Faire revivre un mythe ! Quelle noble cause ! Une cause cependant bien juteuse qui promet au disque de ramener un peu plus d’argent dans une escarcelle toujours plus trouée par Piracy Bay et ses chantres. L’industrie s’étant révélée incapable de créer des gloires – à peine sorties, à peine consommée – elle se tourne vers les valeurs sûres : les Beatles remasterisés, Bob Dylan et ses chants de Noël, j’en passe. C’est au tour de Jimi Hendrix de faire son come back outre-tombe avec un opus composé exclusivement de chutes de studios jamais encore gravées, purs inédits ou versions alternatives de standards. Parmi les classiques, on trouvera entre autres un « Stone Free », un « Fire » et un « Red House » un peu plus sauvages et bruts de décoffrage qu’à l’origine ; des enregistrements de « Bleeding Heart » d’Elmore James et de « Sunshine of Your Love » de Cream qu’Hendrix reprenait essentiellement pour la scène (on peut d’ailleurs en retrouver les prises live sur d’autres compilations). Au final, il reste peu de matériel jamais entendu – même par un fan moyen.
La seule vraie originalité dont peut se targuer Valleys of Neptune est la maturité des prises des titres qui le compose ; tout se passe a peu de chose près entre février et mai 1969, à savoir pendant la dernière période de créativité intense de Hendrix. Au moment où parait Electric Ladyland, il se lance dans la composition d’un album qui ne naitra jamais et se sépare petit à petit de l’ « Experience » pour former les Band of Gypsys avec Billy Cox et Buddy Miles. Arrivé au sommet de son art, Hendrix voit plus loin que la vague psyché britannique, alors en pleine déliquescence, et lorgne déjà sur le jazz d’un certain Miles Davis avec qui il prend contact ; les deux géants ne se rencontreront jamais. Emporté par la mort en 1970, Hendrix laisse inachevé « Valleys of Neptune », le titre qu’il était en train de fignoler.
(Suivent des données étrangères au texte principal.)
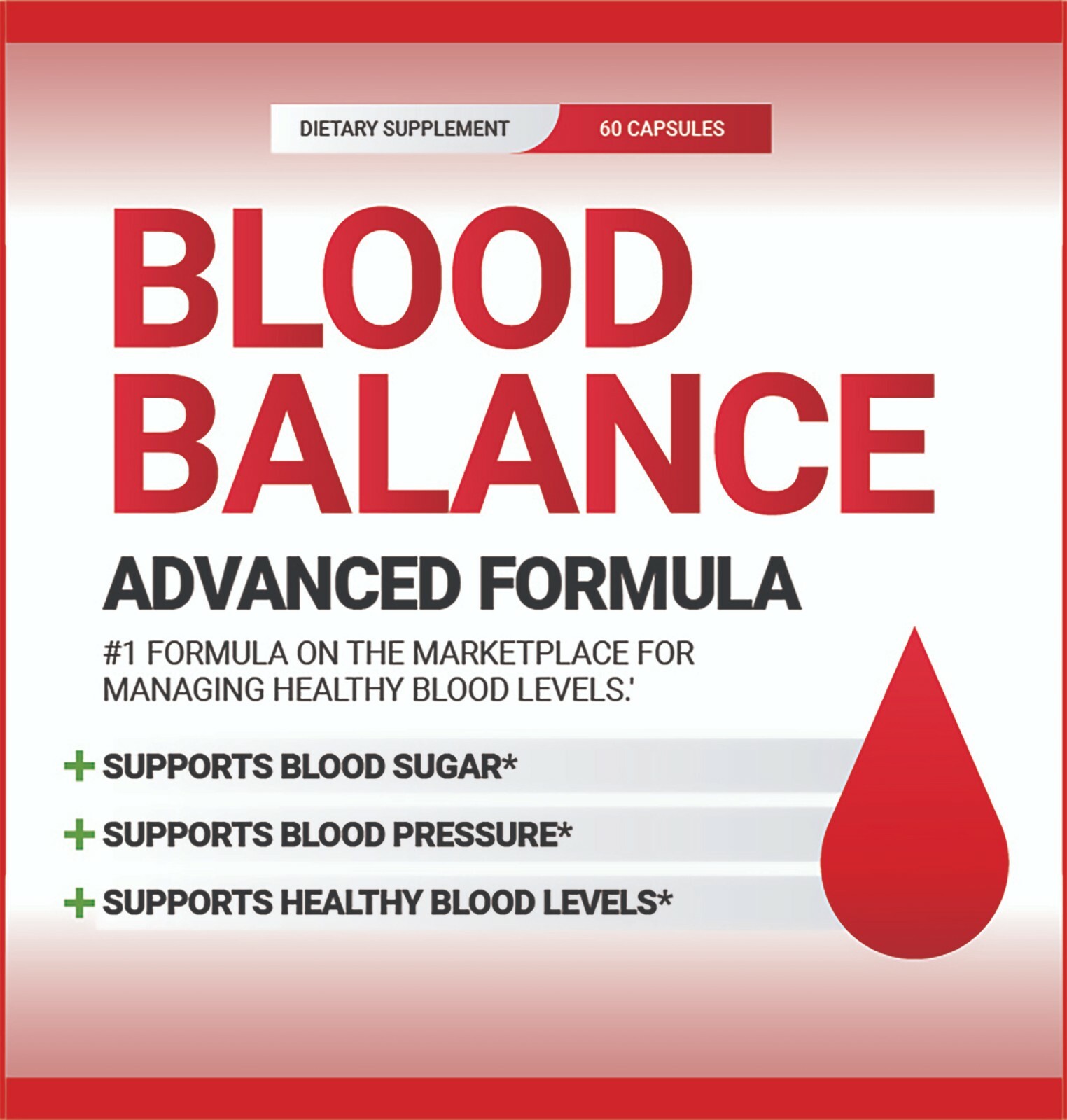 Blood Balance Formula New Sealed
Eddie Kramer, qui avait suivit Hendrix durant toute sa courte carrière, en rassemble les bandes et nous livre ce morceau qui représente une époque à lui tout seul ; si cette édition a un intérêt, il réside dans ce titre généreux, à la composition irréprochable et à la guitare plus chaleureuse que jamais.
Voilà pourquoi il faut écouter cet album avec les oreilles de l’historien plutôt qu’avec les oreilles du critique. Malgré ce que l’homme dans la tour de verre et la très sérieuse Experience Hendrix L.L.C. – sorte de société Moulinsart du cru chargée de gérer l’image du bonhomme – essaient de vous faire croire, il n’y a rien de fondamentalement neuf dans Valleys of Neptune, juste de l’histoire pure et du blues salace. Hendrix est beaucoup plus que l’objet de culte vendeur qu’on essaie de vous faire acheter (et qu’on va encore essayer de vous faire acheter ; la totalité de l’œuvre d’Hendrix doit être remasterisée dans l’année). Il est avant tout une figure incontournable de l’histoire du rock pour tout ce qu’il lui a apporté et qui deviendra la règle à suivre par la suite : un jeu de scène provoquant et spectaculaire, l’utilisation chronique des effets de jeu, la guitare comme élément central de la formation rock, le sexe dans l’image et l’image comme premier atout. Autant d’innovations qui ont fait tout ce qui s’est écouté depuis 1970.